PVC that long unsupported with nothing hanging on it would sag at that length.
It's also not UV protected and will get brittle over time if left exposed.
I might consider slipping in a piece of EMT tubing inside the pipe to see if that make it stronger.


----------



## SPS-1

If your pipe is 1.38" ID, then you more likely have 1-1/4" schedule 40 pipe.

Its going to easily sag 3 inches in the middle. Going to steel won't help much because of the added weight of the steel. Going to 4" pipe (4.5" OD) will help a little, but for a screen, you probably want zero sag.

Maybe you can put temporary supports under the pipe after unrolling it.

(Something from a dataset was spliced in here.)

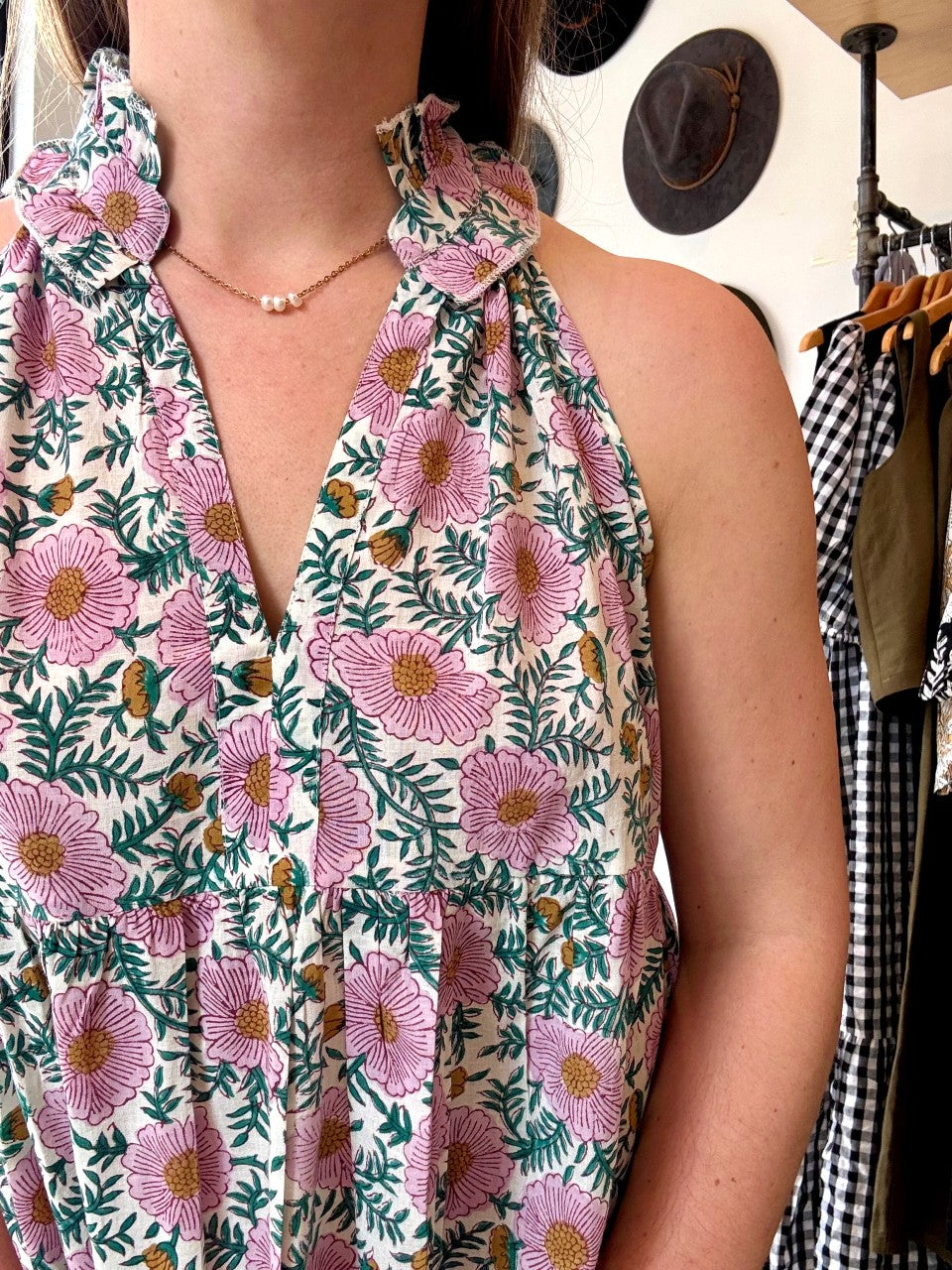 Image of model wearing MAELU DESIGNS Poppy Mini Dress in Cici Print. Poppy is a sleeveless cotton sundress that hits about the knee with an a-line, tiered body and ruffled collar. Offered in a block printed Cotton featuring an all over purple, teal, and yellow floral print.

Or else perhaps run it over an edge (or rollers) that is absolutely rigid (as shown below. In the sketch below, the brown support can be as tall as necessary and have as many supports as you want.

(oops - In the sketch I meant to write weight on bottom of "screen", not "roll")


----------



## scampy74

Thank you both for your responses. I've been going around in circles trying to come up with an idea on how to make this work, as I don't have room to make a rigid support in front of the tube.

So far I've come up with this idea:



Cut a 1/4"-1/2" channel in a 3" PVC pipe that runs the length of the pipes (as well as a channel in the coupler).
To do this I'm planning on using my circular saw, two 2x6's, and my bench. I will turn the 2x6's on their side (6" standing up) and put the PVC pipe in between them and clamp them. This prohibits the PVC pipe from spinning while cutting, while also allowing me to place my circular saw on top of the 2x6's and slide it along as a guide. By being 3" above the PVC, my saw has no chance of slicing completely through the entire pipe, instead only being able to reach the top of it to cut my channel.

Attach 6 corner brackets to top of pipe and back of pipe (3 on each side of coupler), with the screws going into the eave and the wood of the house to provide support to the middle to prevent sagging
Slide 1-1/2" PVC pipe with the tubular motor inside of the 3" PVC, with the projection screen slightly hanging out of the pre-cut channel


Then, as the tubular motor rotates the inner PVC pipe, the screen can descend and ascend through the channel unobstructed.


The brackets on the top and back of the 3" PVC will provide structural support, but will not cover the channel to prevent the screen from descending and retracting.




What do you think? Will this idea work, or am I completely missing something that will blow this idea out of the water?


----------



## KarenStein

I solved a similar problem (though on a much smaller scale) by stiffening the PVC with a similar diameter metal rod inside.

For your use, I'd see if there was a size of copper tube or EMT that fit fairly close inside the PVC. I'd prefer copper, because of the smaller outside diameter of the coupling you'll have to use. Extend the metal beyond the ends of the PVC and support that; this will let the PVC spin freely on the support.

Sort of like this:

-)-=====-(-


----------